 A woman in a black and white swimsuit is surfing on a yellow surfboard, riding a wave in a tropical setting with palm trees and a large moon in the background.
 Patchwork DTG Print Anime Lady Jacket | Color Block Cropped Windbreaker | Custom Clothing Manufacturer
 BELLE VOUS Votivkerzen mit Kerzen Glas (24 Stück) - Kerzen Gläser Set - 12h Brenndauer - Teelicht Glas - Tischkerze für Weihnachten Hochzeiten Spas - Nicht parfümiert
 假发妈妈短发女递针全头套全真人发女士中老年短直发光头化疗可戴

^^^^^^^^^^^^^^^^

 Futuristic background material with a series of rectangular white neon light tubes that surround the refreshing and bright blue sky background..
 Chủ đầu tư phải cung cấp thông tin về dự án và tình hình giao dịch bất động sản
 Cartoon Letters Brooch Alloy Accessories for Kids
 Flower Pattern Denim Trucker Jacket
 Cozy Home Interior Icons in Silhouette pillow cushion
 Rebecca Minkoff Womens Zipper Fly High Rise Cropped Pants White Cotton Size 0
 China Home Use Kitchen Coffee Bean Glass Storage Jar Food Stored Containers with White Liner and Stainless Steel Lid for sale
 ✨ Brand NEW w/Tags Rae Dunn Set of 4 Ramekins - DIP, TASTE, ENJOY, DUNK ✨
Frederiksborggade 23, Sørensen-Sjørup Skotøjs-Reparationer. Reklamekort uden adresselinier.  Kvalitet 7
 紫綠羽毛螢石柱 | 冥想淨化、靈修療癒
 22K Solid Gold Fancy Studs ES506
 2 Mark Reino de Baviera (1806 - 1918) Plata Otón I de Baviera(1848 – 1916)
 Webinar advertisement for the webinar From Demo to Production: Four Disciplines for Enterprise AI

^^^^^^^^^^^^^^^^

**Try it:** In the records above, find the line with "Rebecca Minkoff Womens"; write out exactly that line and each one after it, stopping after the line with "Webinar advertisement for".

**Completed exercise:**
 Rebecca Minkoff Womens Zipper Fly High Rise Cropped Pants White Cotton Size 0
 China Home Use Kitchen Coffee Bean Glass Storage Jar Food Stored Containers with White Liner and Stainless Steel Lid for sale
 ✨ Brand NEW w/Tags Rae Dunn Set of 4 Ramekins - DIP, TASTE, ENJOY, DUNK ✨
Frederiksborggade 23, Sørensen-Sjørup Skotøjs-Reparationer. Reklamekort uden adresselinier.  Kvalitet 7
 紫綠羽毛螢石柱 | 冥想淨化、靈修療癒
 22K Solid Gold Fancy Studs ES506
 2 Mark Reino de Baviera (1806 - 1918) Plata Otón I de Baviera(1848 – 1916)
 Webinar advertisement for the webinar From Demo to Production: Four Disciplines for Enterprise AI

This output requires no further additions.